START Material for this exercise

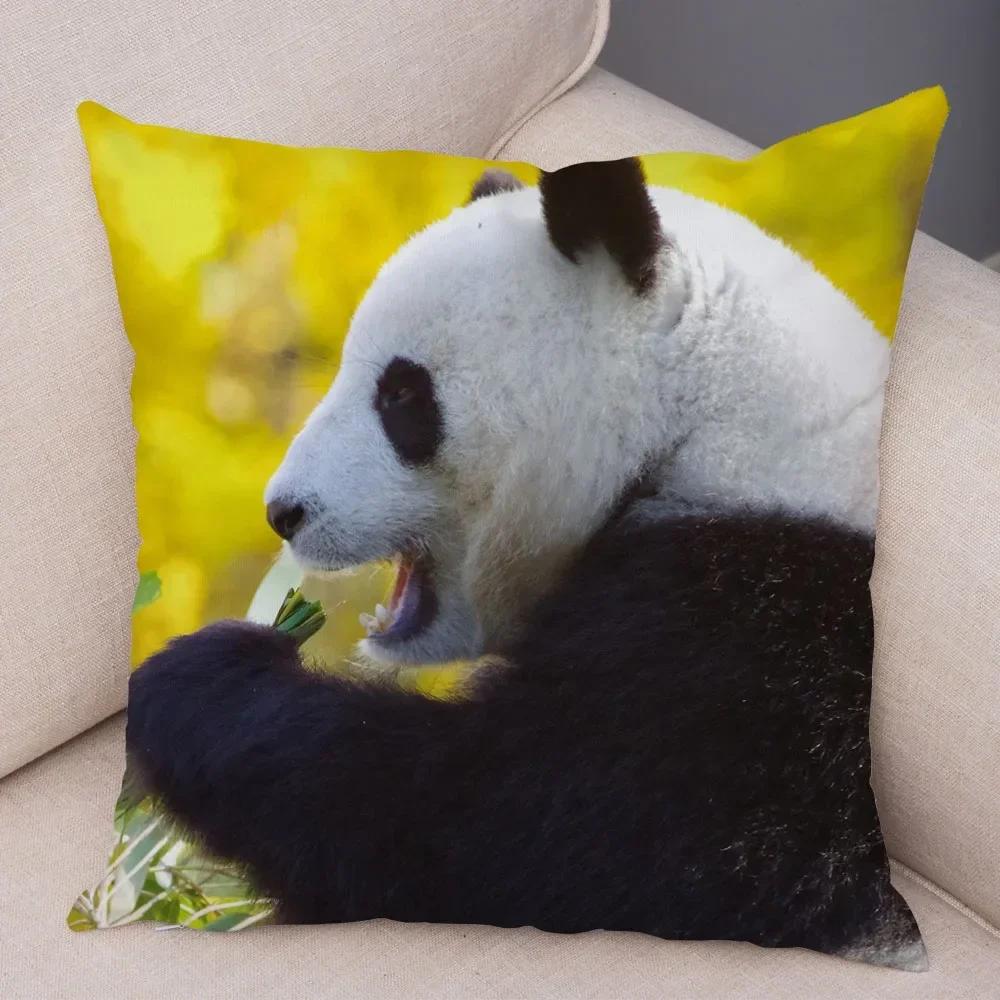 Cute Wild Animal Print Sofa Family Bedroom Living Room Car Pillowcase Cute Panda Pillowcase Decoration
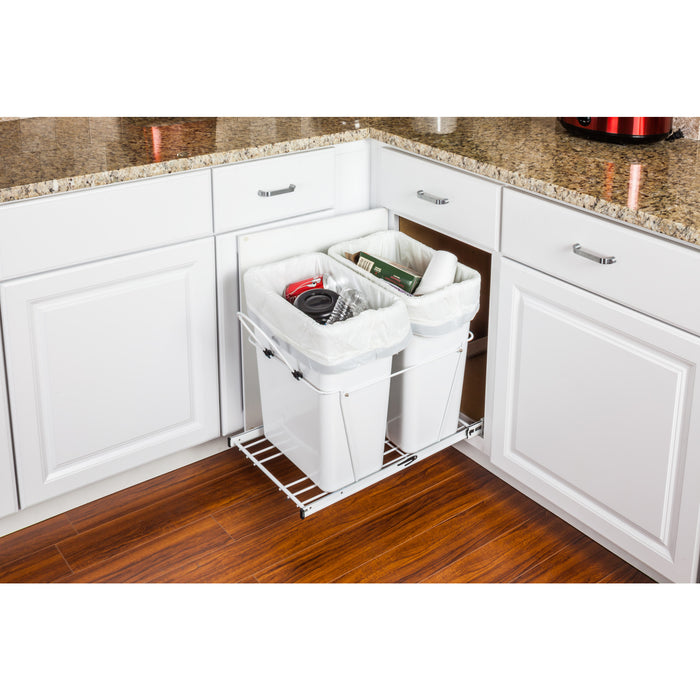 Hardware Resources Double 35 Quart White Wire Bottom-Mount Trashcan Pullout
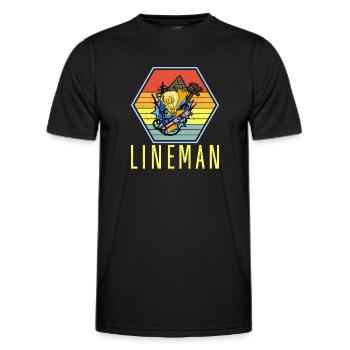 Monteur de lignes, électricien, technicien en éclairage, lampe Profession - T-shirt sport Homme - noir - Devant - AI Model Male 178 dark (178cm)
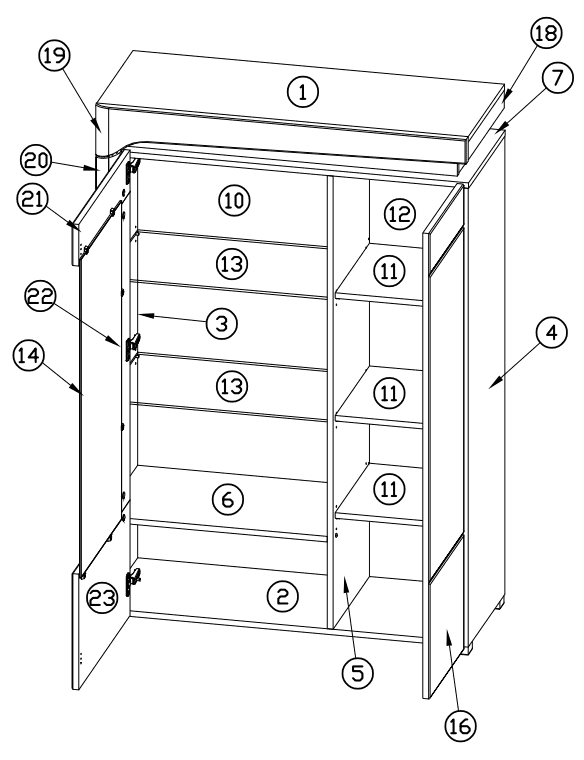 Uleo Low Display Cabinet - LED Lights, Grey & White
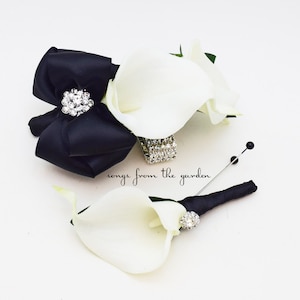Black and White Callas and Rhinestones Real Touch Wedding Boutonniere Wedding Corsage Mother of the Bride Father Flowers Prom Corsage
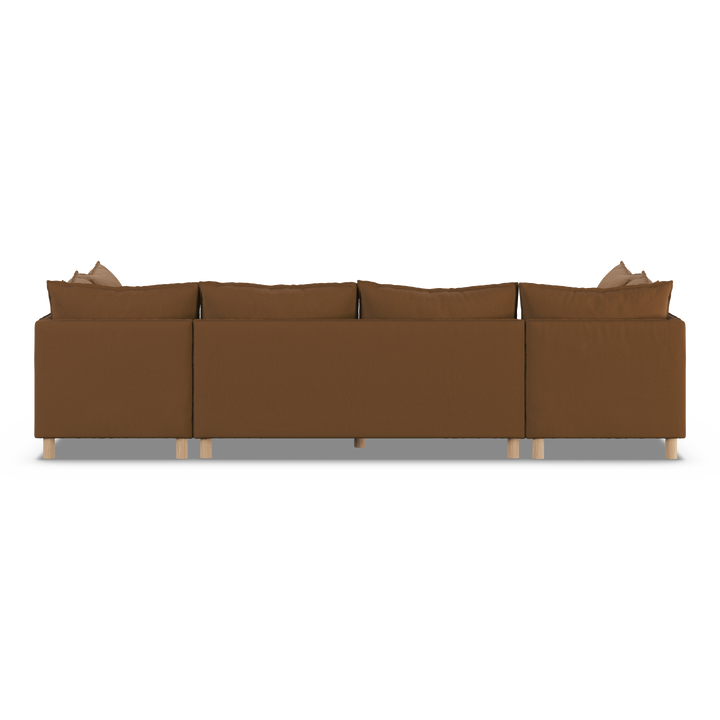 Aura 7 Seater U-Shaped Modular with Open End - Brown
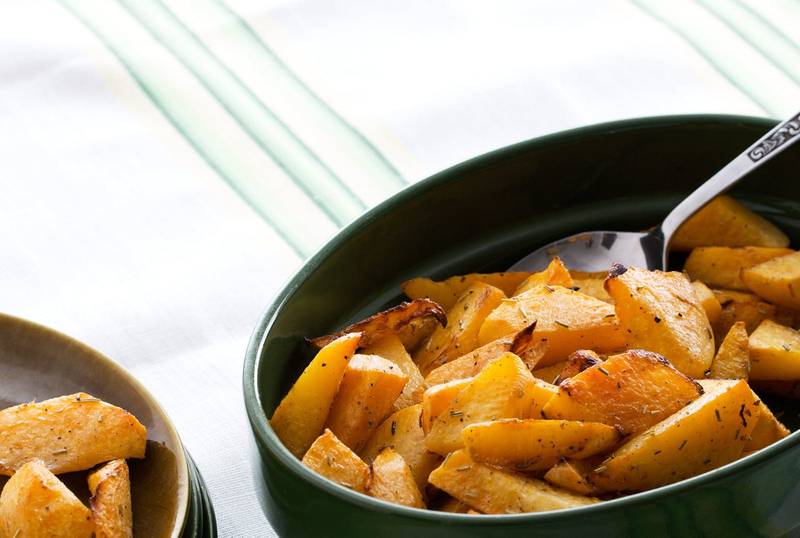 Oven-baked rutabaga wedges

END Material for this exercise

# Work task
All of the material should be reproduced exactly, apart from the pictures.

# Reply to the exercise
 Cute Wild Animal Print Sofa Family Bedroom Living Room Car Pillowcase Cute Panda Pillowcase Decoration
 Hardware Resources Double 35 Quart White Wire Bottom-Mount Trashcan Pullout
 Monteur de lignes, électricien, technicien en éclairage, lampe Profession - T-shirt sport Homme - noir - Devant - AI Model Male 178 dark (178cm)
 Uleo Low Display Cabinet - LED Lights, Grey & White
Black and White Callas and Rhinestones Real Touch Wedding Boutonniere Wedding Corsage Mother of the Bride Father Flowers Prom Corsage
 Aura 7 Seater U-Shaped Modular with Open End - Brown
 Oven-baked rutabaga wedges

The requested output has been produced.